Questions on lecture 9

Embedded methods

1. What is the difference between filters, wrappers, and embedded methods?
Fiters select features independently of the performances of the learning machine, using a "relevance" criterion. Wrappers and embedded methods both select feature subsets using a learning machine. Wrappers explore the space of all possible feature subsets using a search method; the learning machine is used to assess the subsets.  Any off-the-shelf learning machine can be used for that purpose.  Embedded methods perform feature selection in the process of learning. They return a feature subset and a trained learning machine.
2. What are the computational differences between nested subset methods for wrappers and embedded methods?
Assuming we split the data into one training set and one validation set:
- Wrappers perform n(n+1)/2 learning machine trainings.
- Embedded methods perform only n trainings.

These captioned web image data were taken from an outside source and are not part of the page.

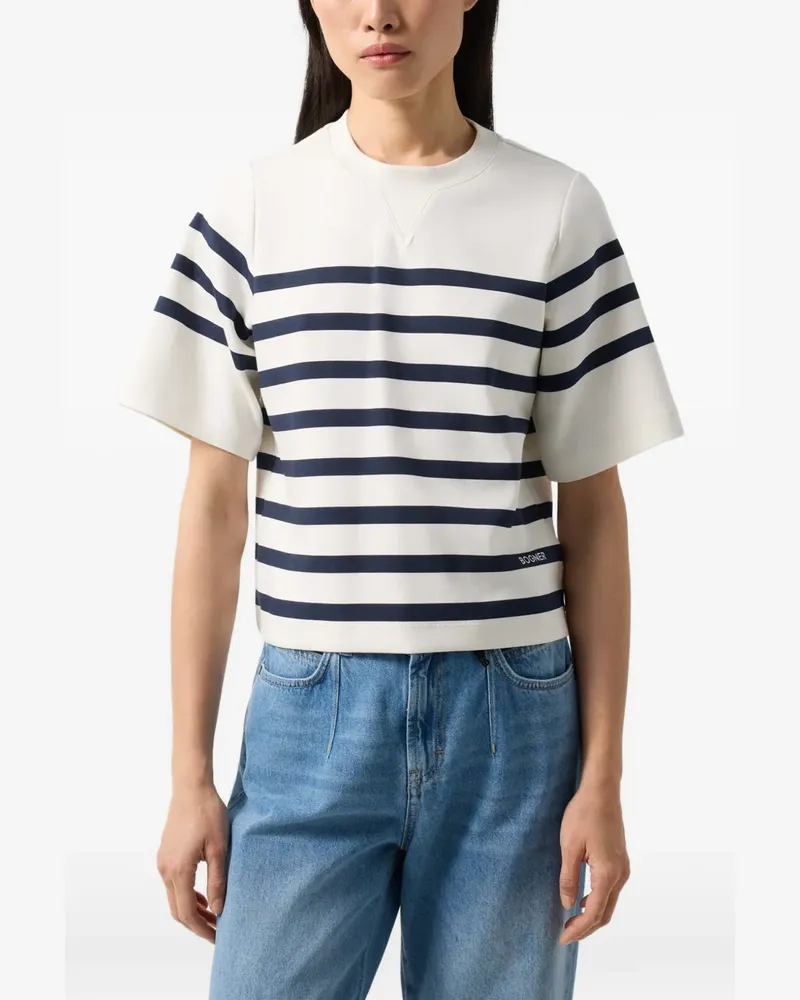 Bogner Gestreiftes Stacey T-Shirt - Weiß Weiß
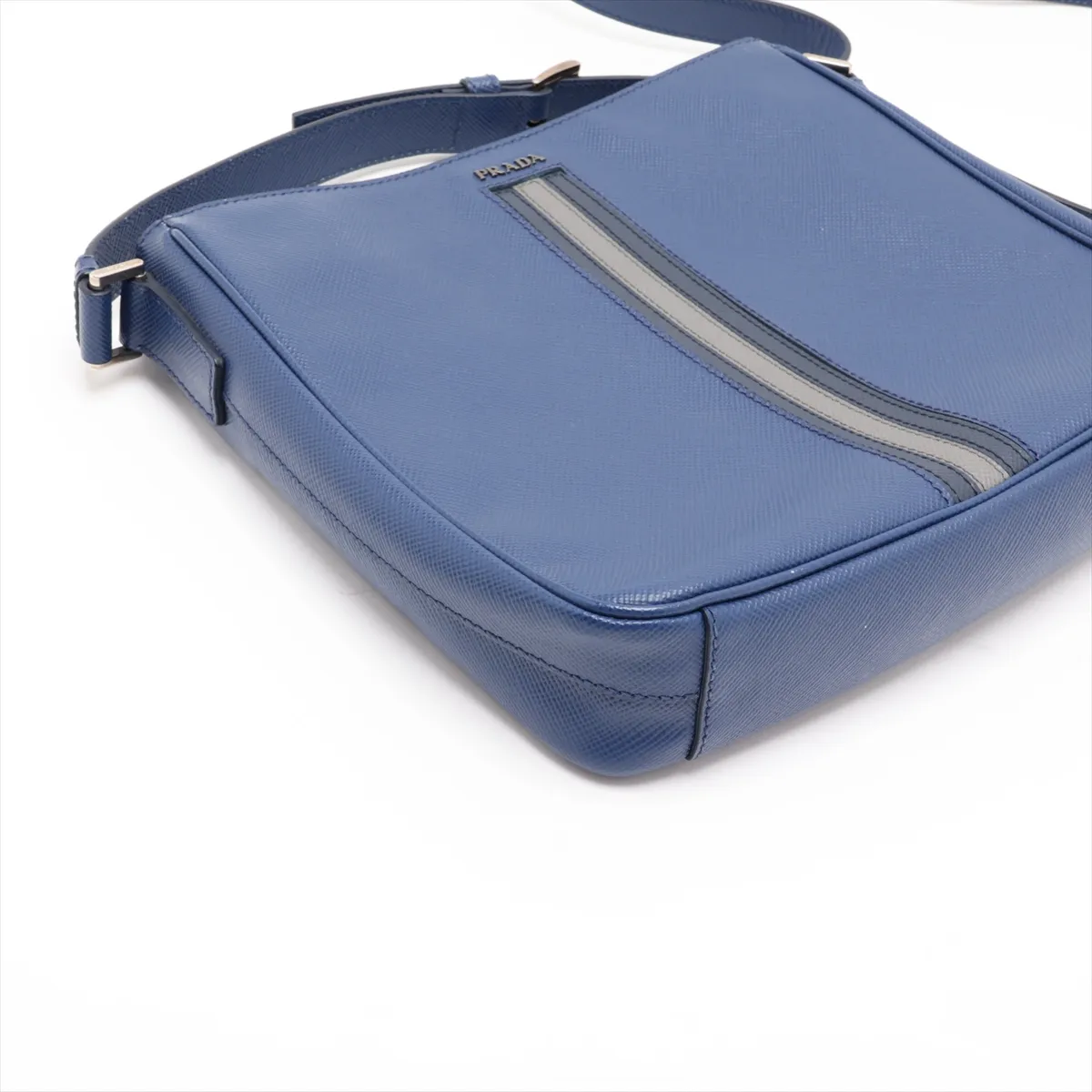 Saffiano Leather Shoulder Bag, Blue — view 4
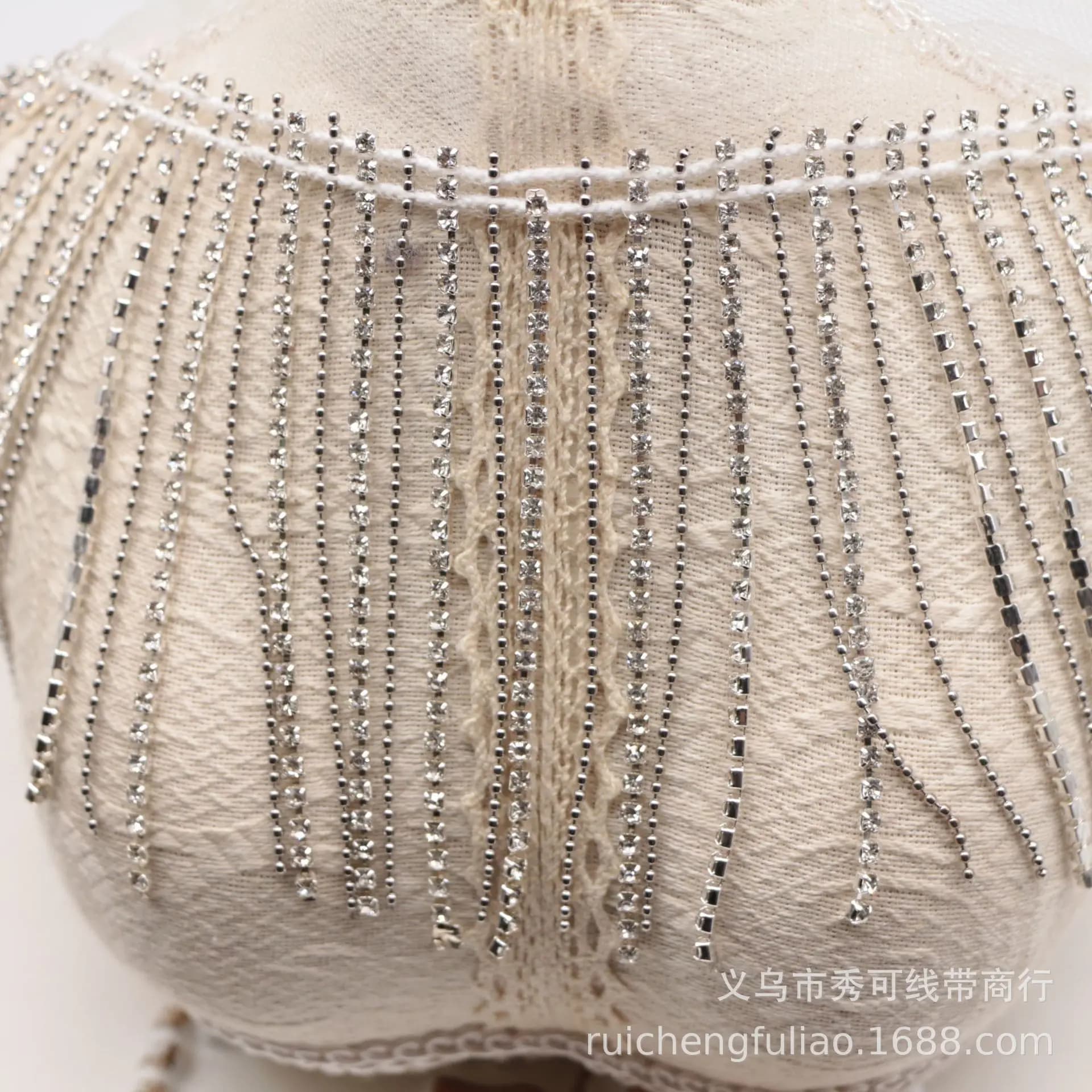 0.5Yard Diamond Chain 9cm Long Fringe Tassel Lace Trim Beaded Ribbon DIY Apparel Underwear Skirt Dress Decoration Accessories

This is due to the fact that the next feature to remove or add in embedded methods is chosen by estimating the change in cost function that will be incurred, not by retraining.
3.  
What is the statistical complexity difference between nested subset methods for wrappers and embedded methods?
It is approximatly the same, of the order of log(n). One can afford a number of features exponential in the number of examples.

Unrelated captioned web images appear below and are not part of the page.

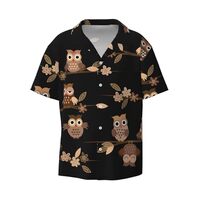 Cute Brown Cartoon Owls Print Stylish Cuban Collar Refresh Short Sleeve Shirt Casual Everyday Wear T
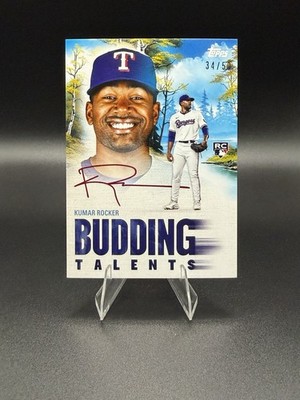2025 Topps X Bob Ross - Budding Talents Kumar Rocker RC - Blue Parallel /50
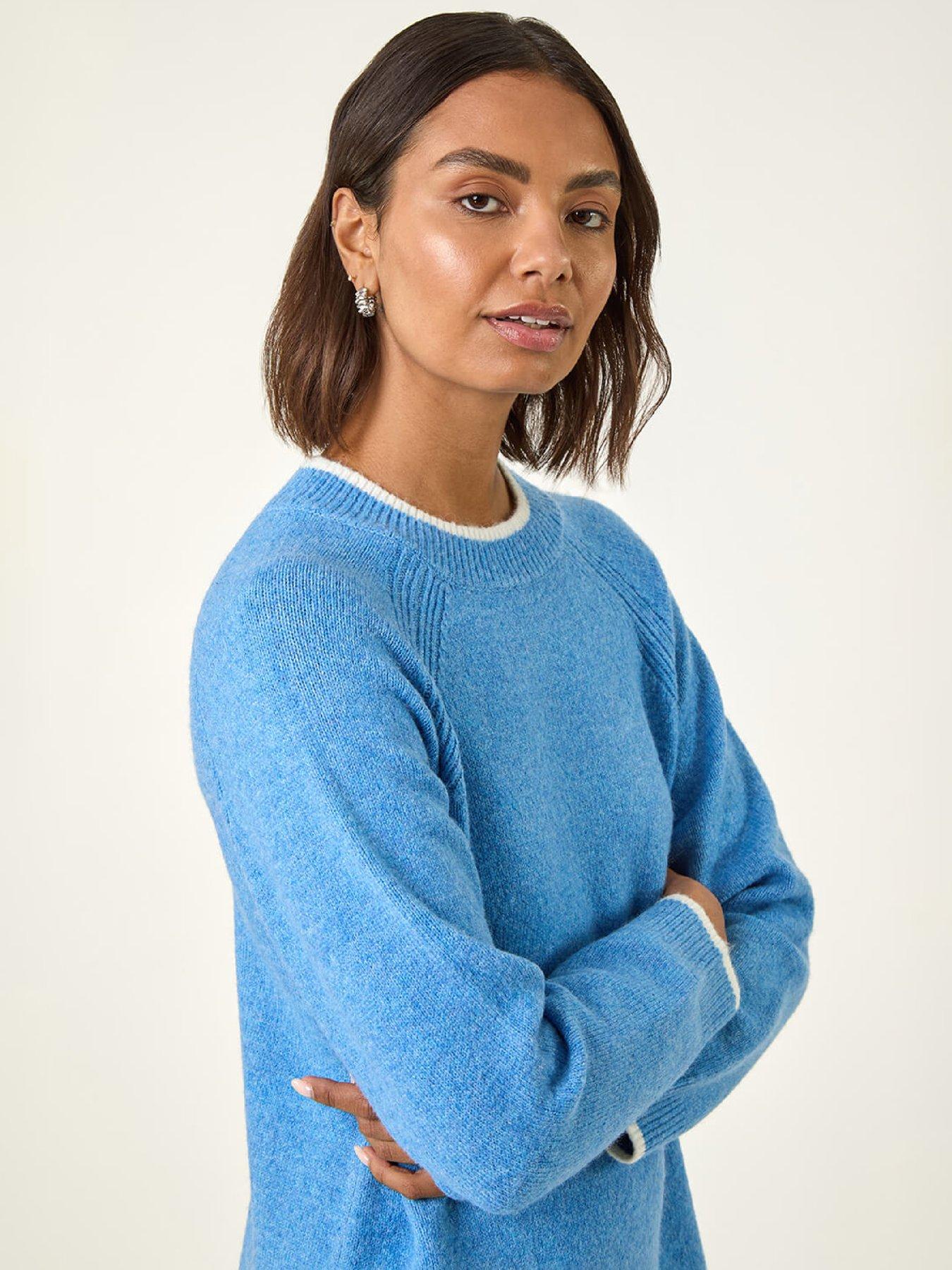 Image 4 of 5 of Roman Contrast Trim Knitted Jumper Dress - Blue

4. What guides the search of embedded methods?
Changes in the cost function incurred by adding or removing inputs. These changes are estimated without retraining the learning machine, for instance using a Taylor series of the cost function (like in the case of OBD).

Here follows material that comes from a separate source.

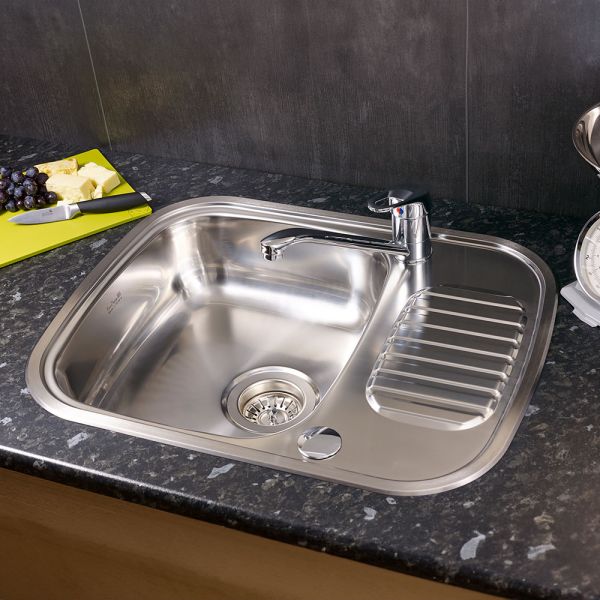 Reginox Regidrain Single Bowl Stainless Steel Kitchen Sink 595 x 470mm 2TH #3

5.  How can one move from a search in a dicrete space of feature subsets to a search in a continuous space?
By introducing feature scaling factors.
6.  How does one perform feature selection using scaling factors?
One can perform gradient descent to optimize a performance bound. The resulting scaling factors indicate feature usefulness.
7.  What is the idea behind the "zero norm" method?
We use ||w||0 =number_of_features as a regularizer. This is a shrinkage method.
||w||0 is used instead of ||w||22 or ||w||1. The idea is to make a tradeoff between the empirical risk (e.g. the number of training errors) and the number of features:
Rreg = Remp + lambda
||w||0